Consider swapping out "god" for something like, let's say.... atoms.
Is a physicist (the "messenger") claiming atoms exist "evidence" that they exist?
It's no, off course. That's just a claim.
What WOULD be evidence of atoms?
Well, actual evidence of atoms. The kind of evidence that doesn't just rely on someone's
word. The kind of evidence that can be
independently verified in objective manner.
Here's the thing though...................
BEFORE you can even get to evidence, you actually need a statement / idea / claim for which evidence actually can exist... ie, it has to make
testable predictions. It needs to be
falsifiable. It needs to be
verifiable.
God claims, are never like that. Gods are unfalsifiable ideas which can't have any evidence by definition of being unfalsifiable, untestable, unverifiable.

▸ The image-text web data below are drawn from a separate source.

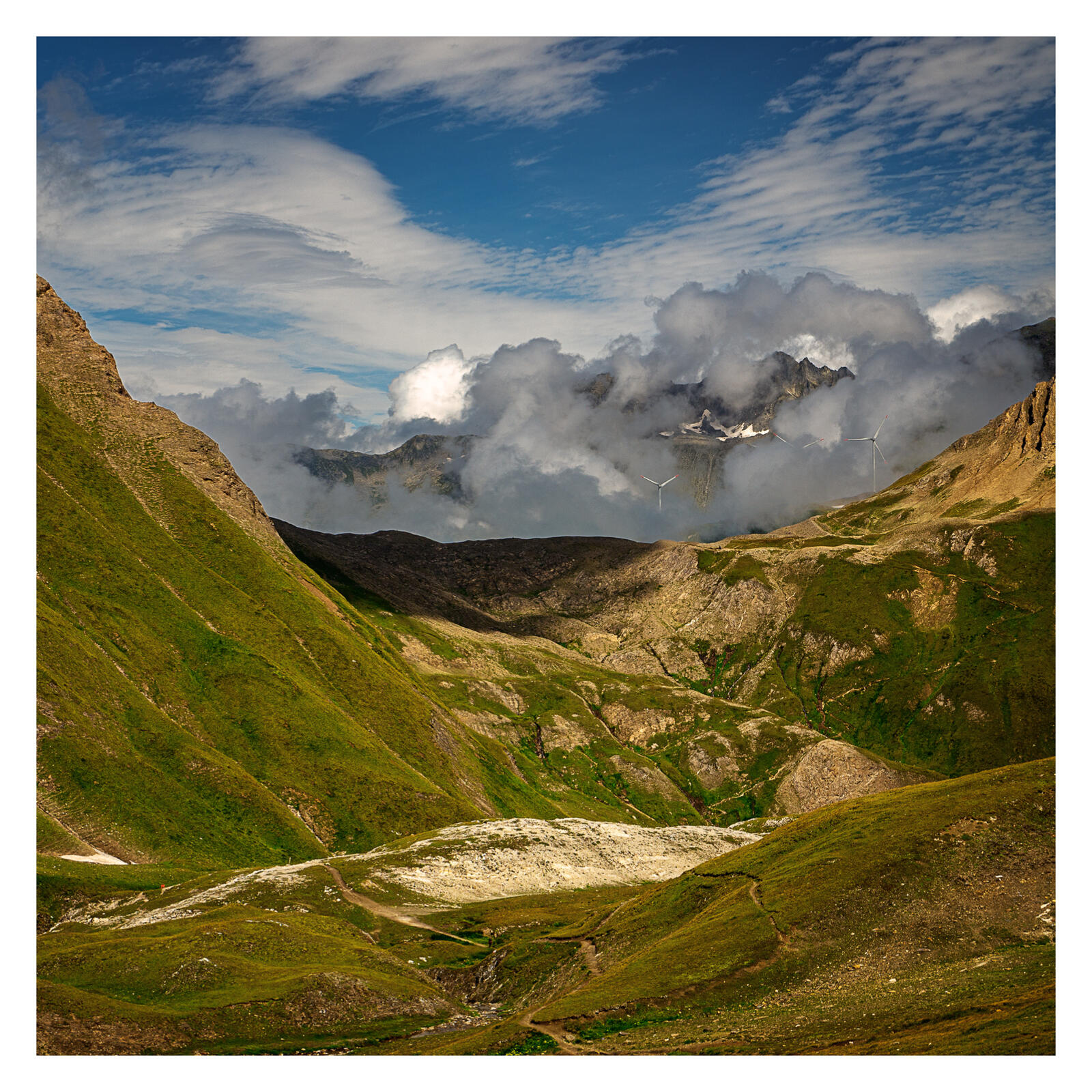 Click image for larger version

Name:	P8253480.jpg
Views:	276
Size:	537.0 KB
ID:	991328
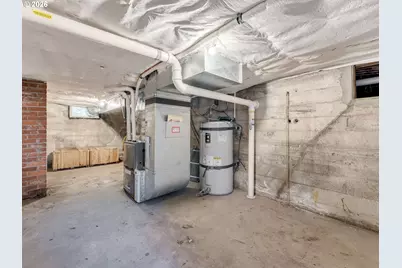 672 S Fir St, Canby, OR 97013 - Photo 35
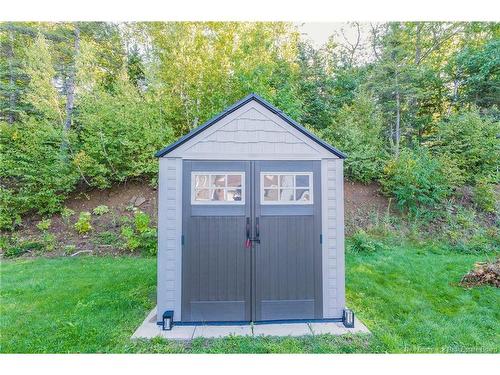 132 Mcqueen St, Shediac, NB 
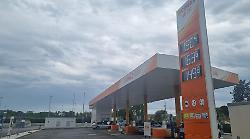 Grosseto, lo strano caso dei carburanti. In Toscana ha la benzina più economica, ma il prezzo del diesel è solo al sesto posto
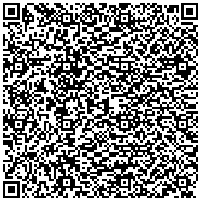 QR Code for bitcoin:bitcoin:bitcoin:bitcoin:bitcoin:bitcoin:bitcoin:bitcoin:bitcoin:bitcoin:bitcoin:bitcoin:bitcoin:bitcoin:bitcoin:bitcoin:bitcoin:bitcoin:bitcoin:bitcoin:bitcoin:bitcoin:bitcoin:bitcoin:bitcoin:bitcoin:bitcoin:bitcoin:bitcoin:bitcoin:bitcoin:bitcoin:bitcoin:bitcoin:bitcoin:bitcoin:bitcoin:bitcoin:bitcoin:bitcoin:bitcoin:bitcoin:bitcoin:bitcoin:bitcoin:bitcoin:bitcoin:bitcoin:LQSzPaWeXYM2GYyet7YYQe7VF2fsMQaqJ4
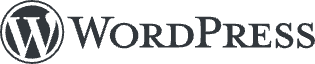 WordPress CMS Framework Development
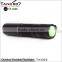 TANK007 portable Outdoor portable led flashlight TK566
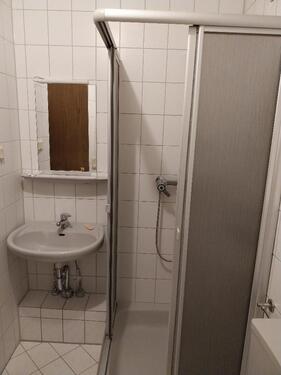 Foto - Etagenwohnung in Wartenberg-Rohrbach zur Miete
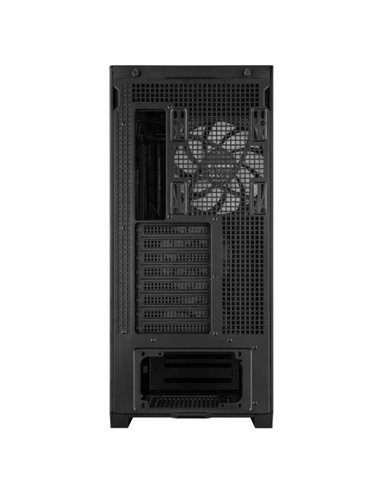 OC PC Gaming Asus 9989 Intel Core i7-14700KF/ 32GB/ 1TB M.2/ RTX 4060/ W11P Ordenador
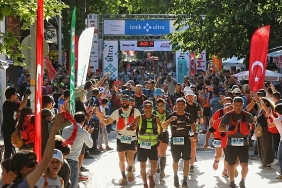 turkiyenin-en-uzun-soluklu-ultra-maratonu-basliyor.jpg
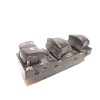 Recambio de mando elevalunas delantero izquierdo para nissan pulsar (c13) acenta referencia OEM IAM 254013ZL1A  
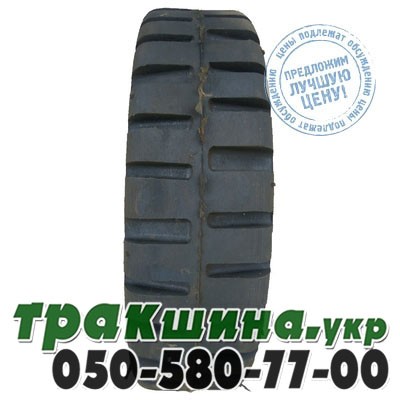 Днепрошина 6.00 R13 Элко 333 (индустриальная) Киев - изображение 1
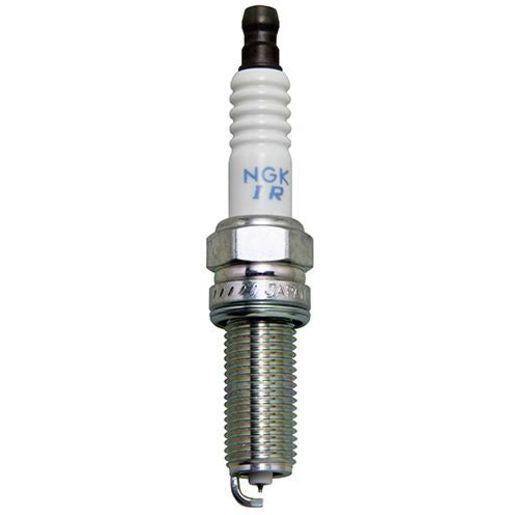 NGK Iridium Spark Plug SILKR6C10E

So if you ask me "what would be evidence of god", then I can't answer that
unless you first come up with an actual falsifiable definition of this god in such a way that it CAN have evidence.
As I see it there are only three possibilities:
1. God exists and there is evidence so we should look for the evidence.
2. God exists but there is no evidence so there is nothing to look for.
3. God does not exist and that is why there is no evidence.
I believe (1) God exists and there is evidence, because if there was no evidence God could not hold humans accountable for believing in Him. Why would God expect us to believe He exists and provide no evidence? That would be unfair as well as unreasonable.
That's all very nice.
But I'm not seeing you share this evidence. All you are doing is claiming that there is evidence.
I could claim that there is evidence of undetectable graviton pixies till I'm blue in the face, and all you would be left with is exactly that: me just claiming there is evidence, without actually sharing it.
Want to share it?
Great.
First define god in a falsifiable way, then share your evidence and explain how it supports the idea.